Je me souviendrai toujours de la première fois où je lus Nietzsche : j'avais dix-sept ans et déambulais dans la grande cour du collège des Jésuites de la rue des Lys, à Avignon. Nous étions en 1976, au mois de mai et je préparais le bac français. C'était l'après-midi, il faisait beau et je compulsais Par-delà le bien et le mal en désordre, puis au fur et à mesure de ma découverte, avec application. J'étais bouleversé par ce que je lisais et avais l'impression que le sol tremblait sous mes pieds. Le texte de Nietzsche résonnait en moi comme si je l'attendais depuis toujours. Il y a des coups de foudre dans la pensée comme en amour. Je ne découvrais pas Nietzsche, c'était la lecture de Nietzsche qui m'arraisonnait à moi-même, à travers lui je me comprenais mieux. Je n'ai jamais éprouvé un tel choc en lisant un livre de philosophie et, de fait, Nietzsche n'est pas un philosophe mais un psychologue et un poète, et c'est sa psychologie, comme sa poésie, qui m'allaient droit au cœur. Pourquoi ce choc et qu'est ce qui en est résulté dans ma vie, c'est ce que je vais tenter d'élucider ici.
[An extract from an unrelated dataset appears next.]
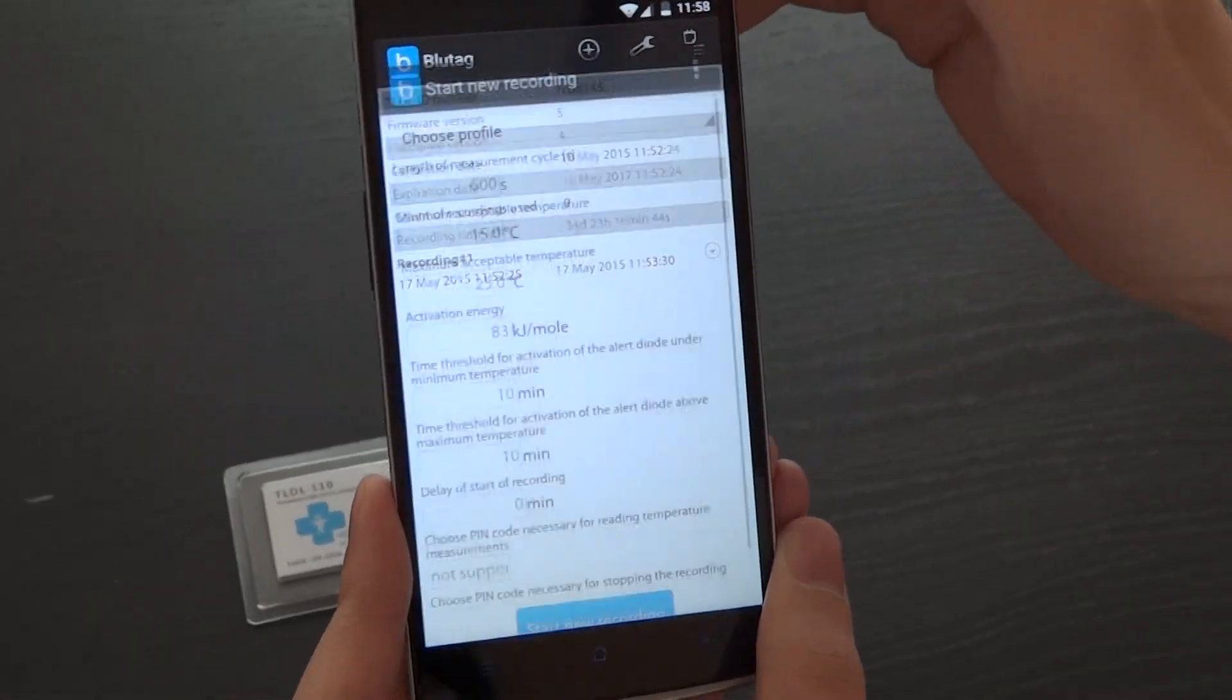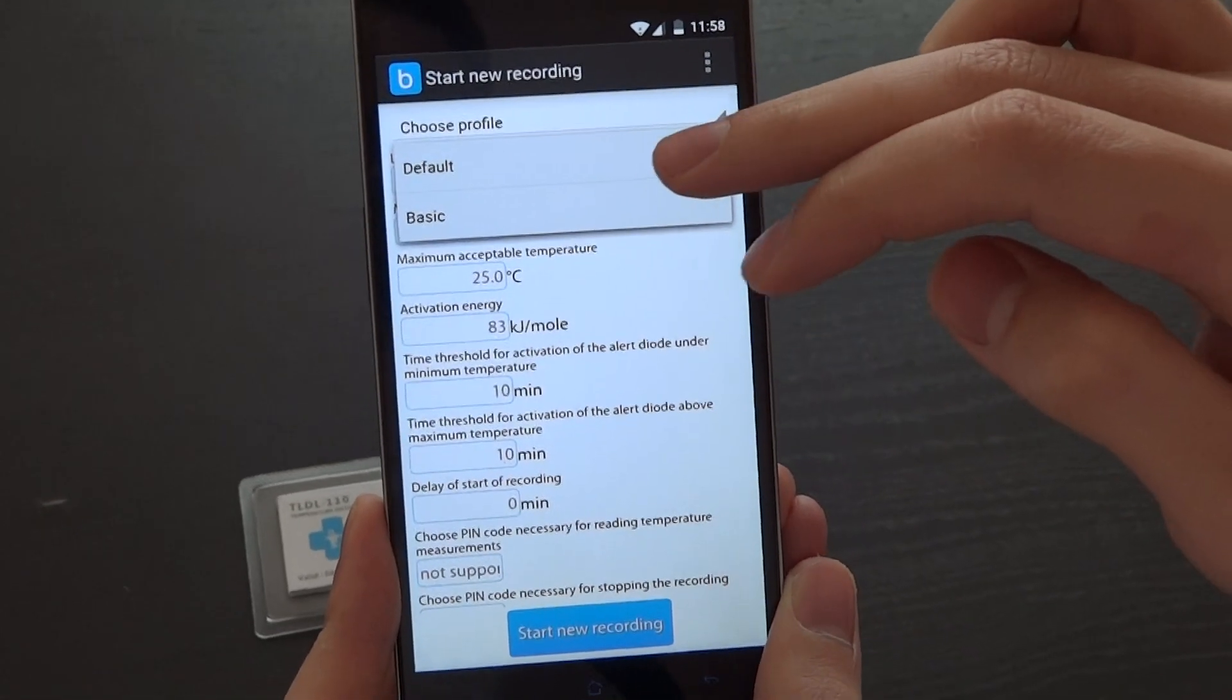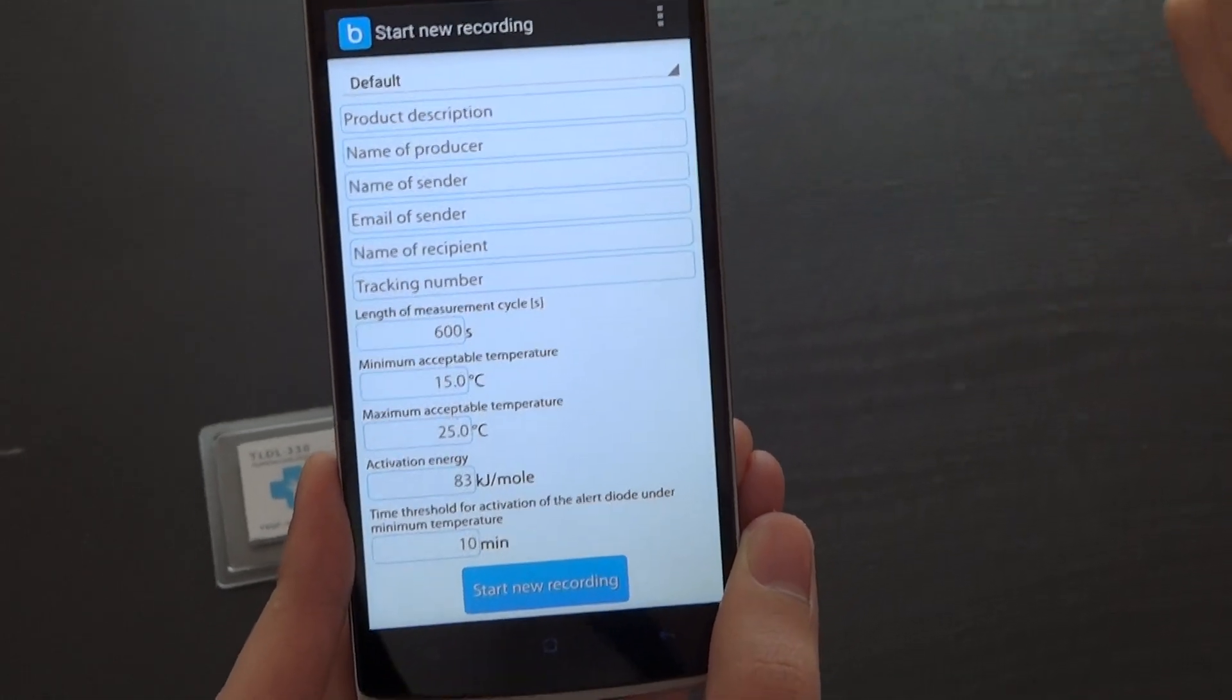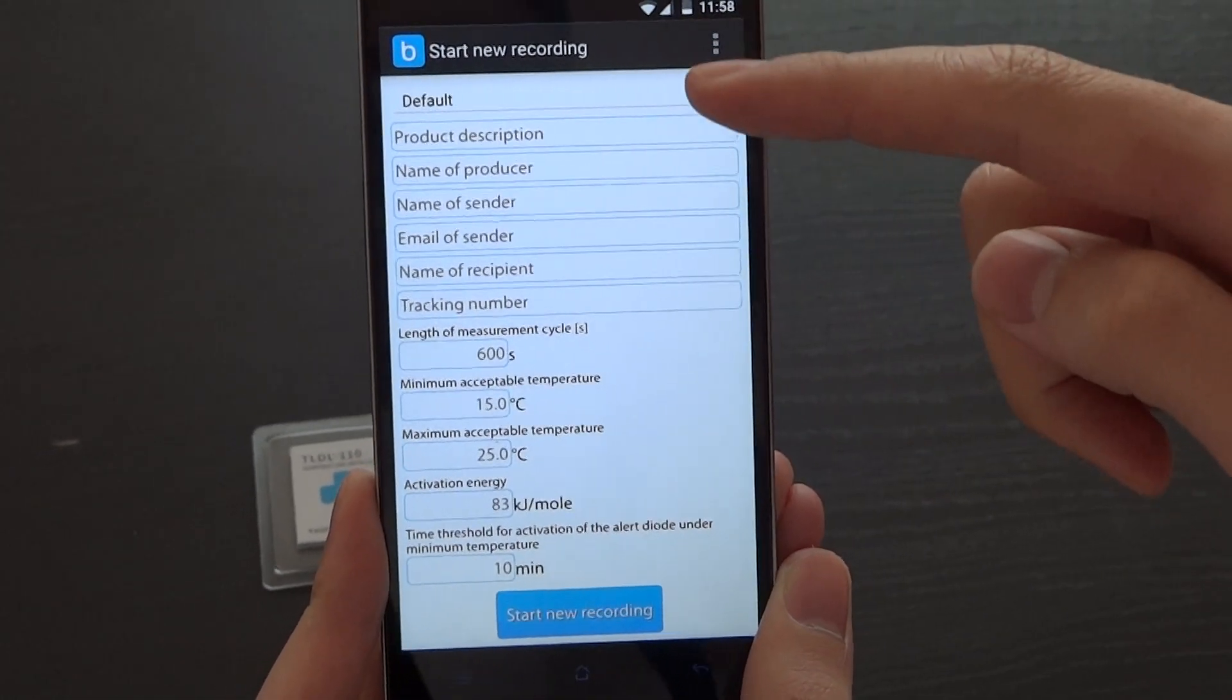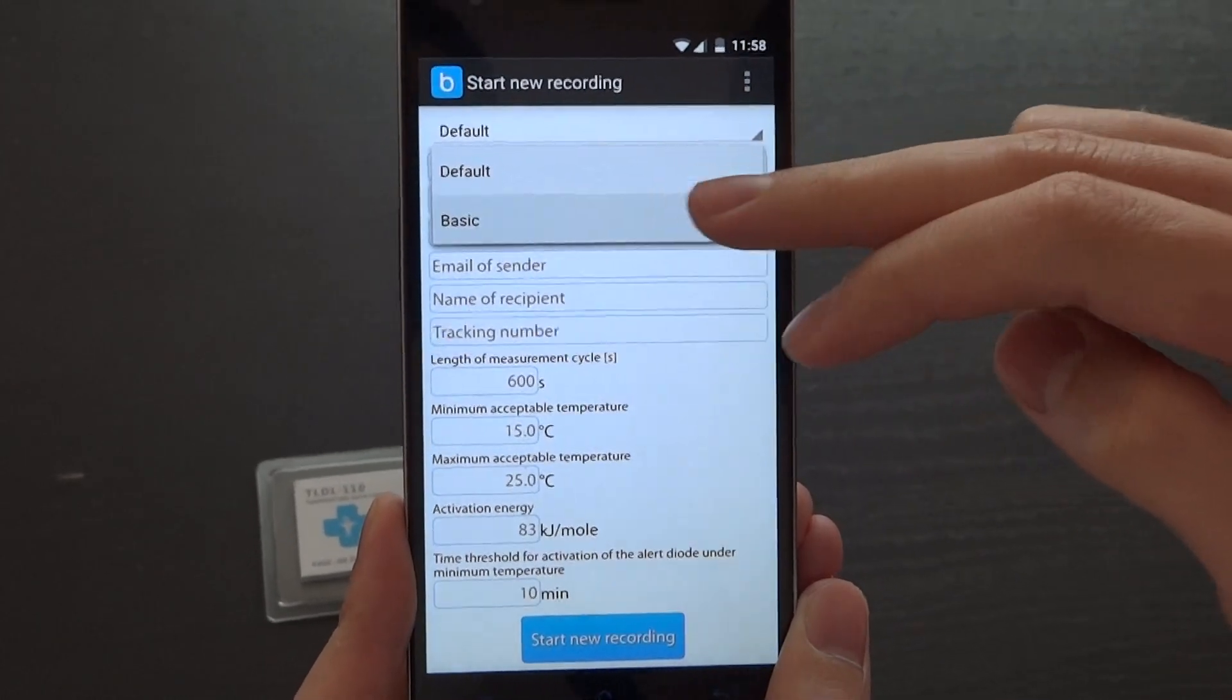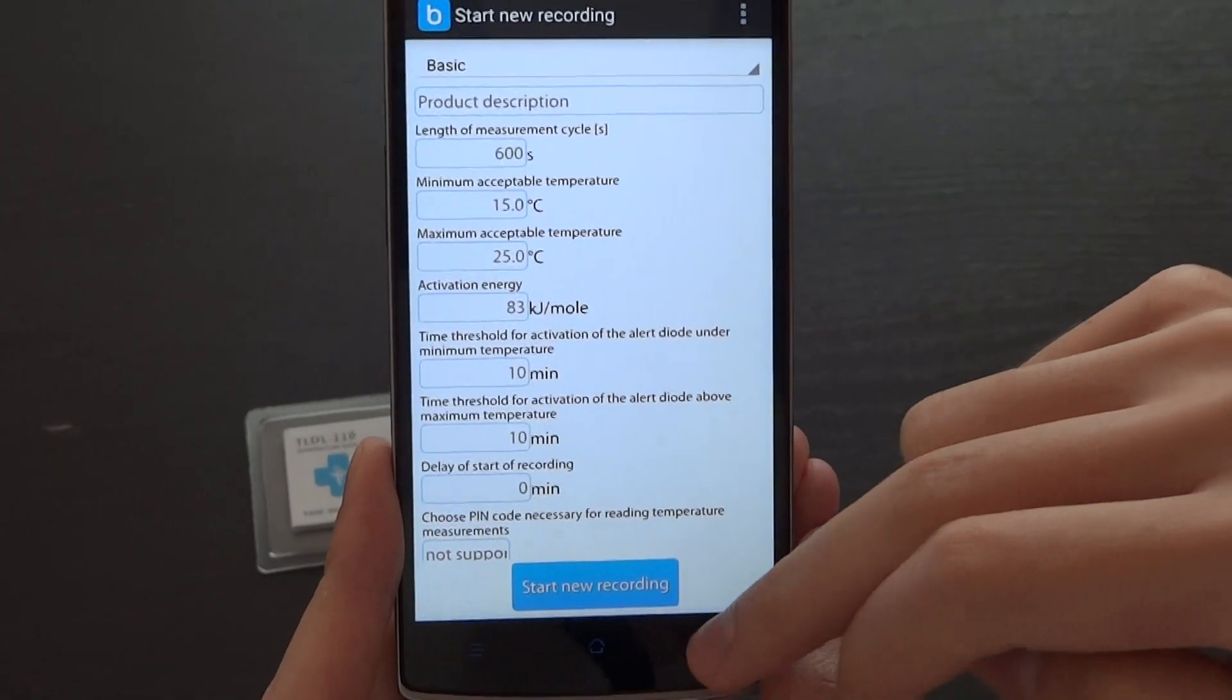To start a new recording, you first have to choose a profile. There are two profiles by default: the default profile which contains logistical information and the basic profile which just contains product description.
Si j'éprouvais un tel choc, c'est que la lecture de Par-delà le bien et le mal, à laquelle succéda La Généalogie de la morale, me délivrait d'un fardeau pénible ; non pas celui du christianisme, comme on pourrait s'y attendre – je faisais plus ou moins profession d'athéisme – mais celui du communisme. Car à l'époque je me croyais encore communiste. J'avais adhéré au Mouvement des Jeunesses Communistes à quinze ans et je croyais au sens de l'histoire. Or la lecture de Nietzsche pulvérisait ces certitudes. Nietzsche désacralise complètement l'histoire, notamment celle de la Révolution française. Pour lui, un des principaux moteurs de la Révolution française ne fut pas le désir de justice mais le ressentiment qui habitera son credo égalitaire. J'étais bouleversé par ce que je lisais à ce sujet car j'avais éprouvé cette puissance de ressentiment chez les jeunes communistes que j'avais côtoyé à Aix-en-Provence. Je n'avais pas connu, parmi eux, le sentiment de partage et de fraternité que j'avais ressenti, par moment, avec les catholiques que je fréquentais depuis mon enfance. Un jour, un responsable communiste venu à ma rencontre après avoir lu une lettre que j'avais envoyée à la direction du PCF concernant sa stratégie – j'étais très prétentieux, comme on l'est souvent à cet âge – m'avait dit avec un sérieux que je juge aujourd’hui comique, en regardant la résidence bourgeoise où j'habitais : « Profites-en bien parce que cela ne durera pas longtemps », comme si la révolution était imminente et que la maison où nous vivions allait nous être confisquée. La résidence des Floralies, qui se trouve traverse Saint-Pierre, tout près du stade d'Aix-en-Provence est encore là tandis que le PCF a, lui, quasiment disparu du paysage politique.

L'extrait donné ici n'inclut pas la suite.